At first, I was pretty skeptical of the whole “unconference” idea.  There weren’t any predefined topics or sessions other than the keynote and plenary speakers and all the breakout sessions were run by conference participants.  I thought this meant the breakout sessions would be poorly prepared, and thus I wouldn’t like them.  As it turned out, there was a pretty good mix of highly polished presentations and more spontaneous ones.  The polished ones were good, and the spontaneous ones seemed to morph into enjoyable and informative Q&A sessions.

Overall InfoCamp gets an A in my book and I’m certainly going back next year.  And who knows, maybe I’ll even volunteer to run a session myself.  Without further ado, here’s a quick synopsis of the sessions I attended.

Content Management Strategy – More than just words

Vanessa Casavant gave a interesting & entertaining talk about how content management strategy fits into an organization.  The answer seemed to be right in the middle.  She explained that the role of a content strategist is to ensure that information & features being published by an organization have a clear alignment with the organization’s mission, and that they aren’t sending mixed signals about the organization to the end consumer of that information.

My key take aways were that content on the site needs to be in alignment with an organization’s strategy and that messaging should be consistent across the board, rather than a haphazard spray of content all over the organization’s website.

DAM Systems for Creative Agencies

Tracy Guza gave an overview of how creative agencies (mostly advertising firms) can employ Digital Asset Management (DAM) systems to manage their pictures.  This included file storage, searchability, meta data, and the whole nine yards.

I was particularly interested in this session because I work for a large stock photography company, and I wanted to learn more about how creative agencies use and manage the images they buy from us.  It was enlightening to learn some of the challenges facing a firm that manages 50,000 images, which are very different than the challenges my company faces in managing 14 million images.
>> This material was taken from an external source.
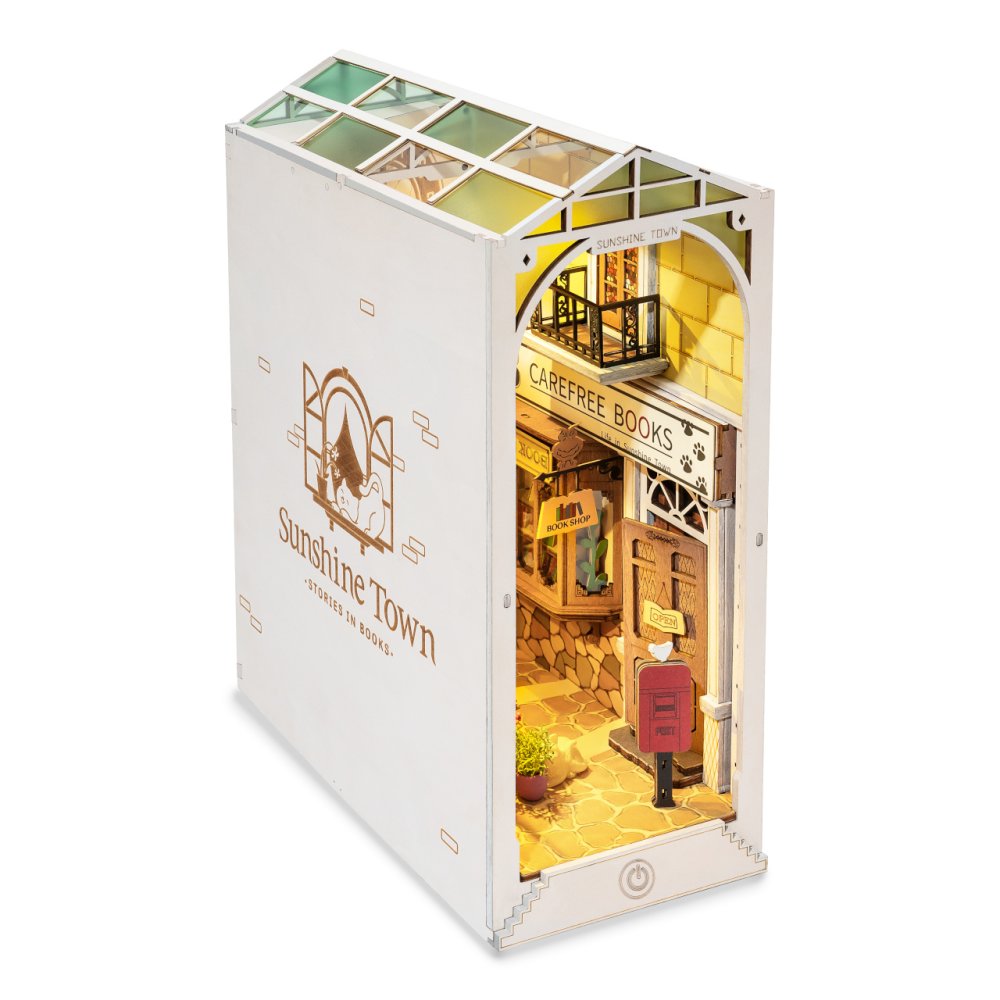 Puzzle 3D RoboTime Serre-livres Miniature de maisonnette Ville ensoleillée – Image 4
Economics of Online Advertising

Jeff Huang led a discussion on how the economics of search advertising work.  This included the auction and fraud prevention.   Much of this was old hash to me, but it was interesting to get questions answered by an expert who has worked at all three of the big search engine companies.

Priority Inbox

Ario Jafarzadeh, one of Google’s designers on Gmail gave a talk about the design process behind Priority Inbox and all the iterations they went through to get to the current design.  It was pretty interesting to hear him describe all the decisions they made from what type of icons to use to whether they should use a video or a written document to explain it to users (turns out, they decided to make one of each).
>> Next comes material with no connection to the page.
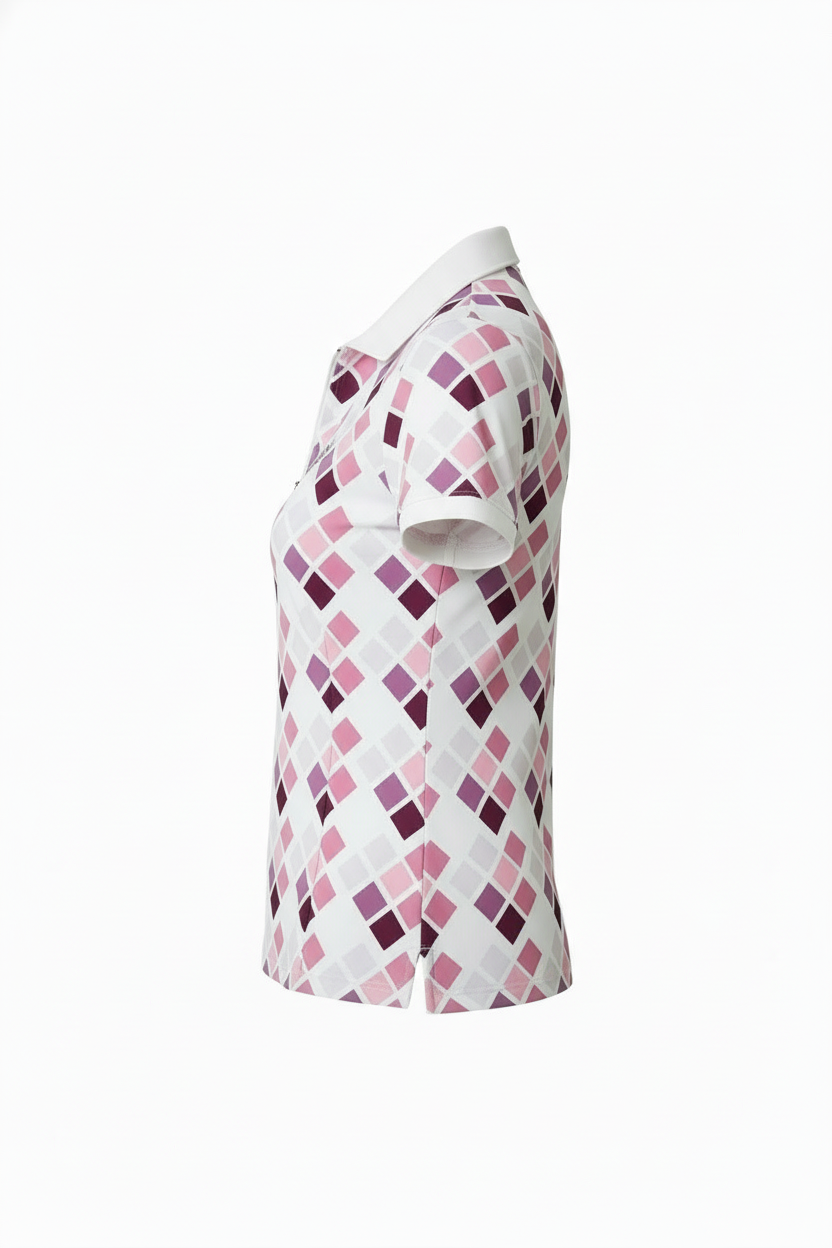 Ladies Zip Polo - Geometric Pinks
This session was like manna falling from the sky.  I wrote a post about two weeks ago describing how much I liked priority inbox and speculating as to why it had taken so long for someone to do this.  I got my question answered, or least got his answer to it.  He explained that email is so personal that email providers have to get this sort of thing exactly right or else they’re going to upset their users pretty badly.  Apparently the machine learning (AI) behind this was so complicated that it took Google until now to build it. While I’m sure that’s true, I still think part of the answer is that nobody thought of doing that for email, or at least that nobody was willing to invest the time and money to make it happen until now.

If you’re interested in the keynote and plenary speaches, which were both good, you can find out more here.

Priority Inbox = Awesome, but why did it take so long?

Google recently launched a new feature in Gmail called “Priority Inbox”.  It’s an amazingly simple but powerful concept for dealing with email overload, and I’m surprised that this is the first time I’m seeing it.  Basically, Google’s using some predictive software to analyze your email use behavior and use that data to present you with the emails that should be most important to you.  Their explanation is better than mine, so check it out.

What I’m interested in, is why is this happening now instead of 2-to-4 years ago?  People have been suffering from email overload for a long time now, and while there are strategies for coping with it, none of the ones I’m familiar with have really been smart solutions until now.  Folders and filters give users some control over how to deal with deal with incoming email, but they rely on static rules that can’t adapt to change and require active effort on behalf of the user to set up.  Conversely, Priority Inbox adapts to users actual email reading habits to build dynamic rules that change along with the user’s behavior and email content and requires no more effort than turning the feature on.  For me, this is great leap forward in email.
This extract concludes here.